[RECORDED DATA]

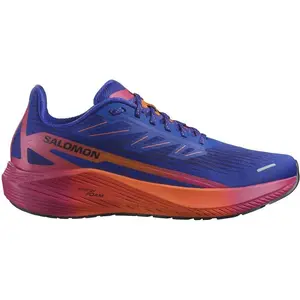Salomon, Chaussures de course à pied, Aero Blaze Laufschuhe (38) pas cher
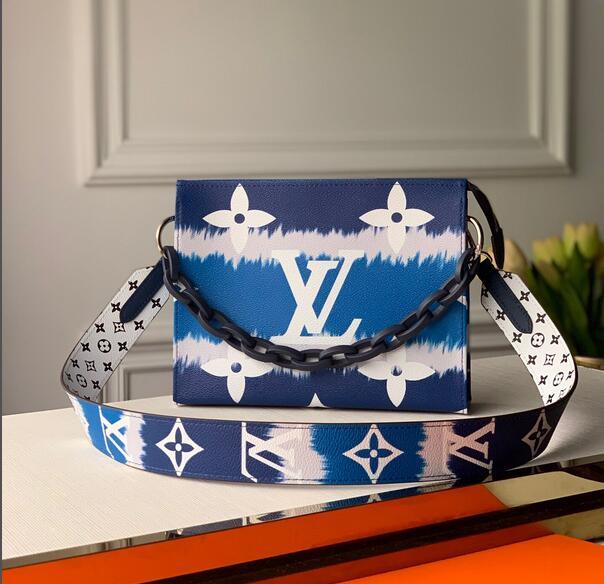 Beaunoirr - LOV Bags - 3126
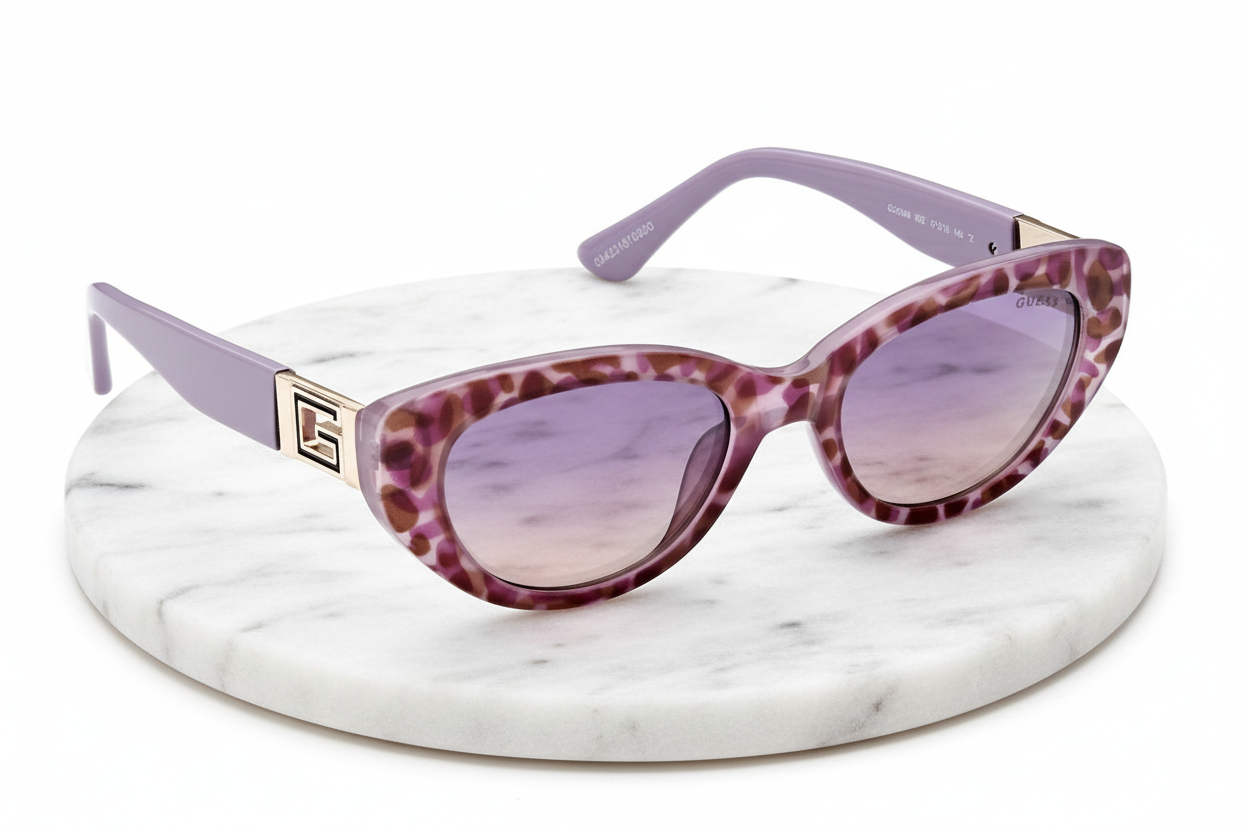 Guess Sunglasses GU7849 83Z 51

[WORK REQUIRED]
Restate all of the material word for word. Keep out every picture.

[SOLVED EXERCISE]
Salomon, Chaussures de course à pied, Aero Blaze Laufschuhe (38) pas cher
 Beaunoirr - LOV Bags - 3126
 Guess Sunglasses GU7849 83Z 51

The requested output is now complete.